Watch the Brazilian crowd and the Brazilian players and you realise the team Sven has created could never excite a room. It can make a room punch the air and yell "yeees!", in relief, but never excite. Somehow he's become more English than the English. If Sven were weather he'd be drizzle.

The worst side of England, the bit that's closed until Monday or cancelled due to staff shortages (with assurances it will all be fine that no one believes) has pervaded the team. During the matches Sven should make announcements over the Tannoy such as: "We apologise for the cancellation of the cross into the box.
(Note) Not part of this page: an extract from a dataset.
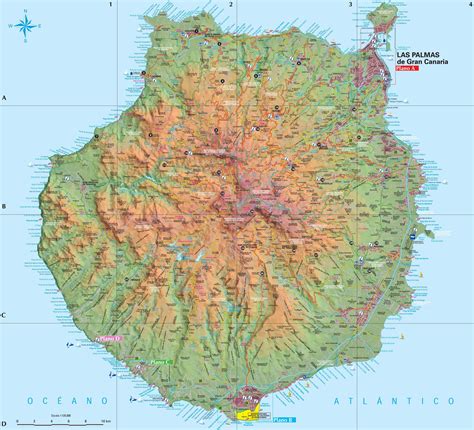 Kanarske ostrovy   Gran Canaria   2005   ve zkratce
And regret to inform you that the pass forward expected at 4.17 will be nine minutes late."

For the Brazilians, the game's purpose is similar to the role cricket played in the Caribbean, to unite the team and supporters as one, so the carnival is as crucial to the process as the ball. For a national team it's not just the result that matters; the style of play reflects and enhances the attitudes of that nation. And with Brazil playing Ghana, there'll be so much exuberance from both supporters, the two conflicting surges of confidence and certainty could cause some sort of cosmic meltdown, the type that sometimes happened in Star Trek.

Against Japan, by the time Ronaldo scored Brazil's fourth goal, an atmosphere had been created in which it seemed all Brazilians could feel connected - black or white, the rich of Rio or the shanty town dwellers of São Paolo. As Ronaldo celebrated his goal I walked into the toilet, where a black Brazilian was sitting on a stool, his job to provide soap and towels all night to the revellers.

"Who scored?" he asked. "Ronaldo," I told him, "Go and see the replay." "Oh no I'd better not leave here," he said. "I'll watch the highlights tomorrow. Soap?"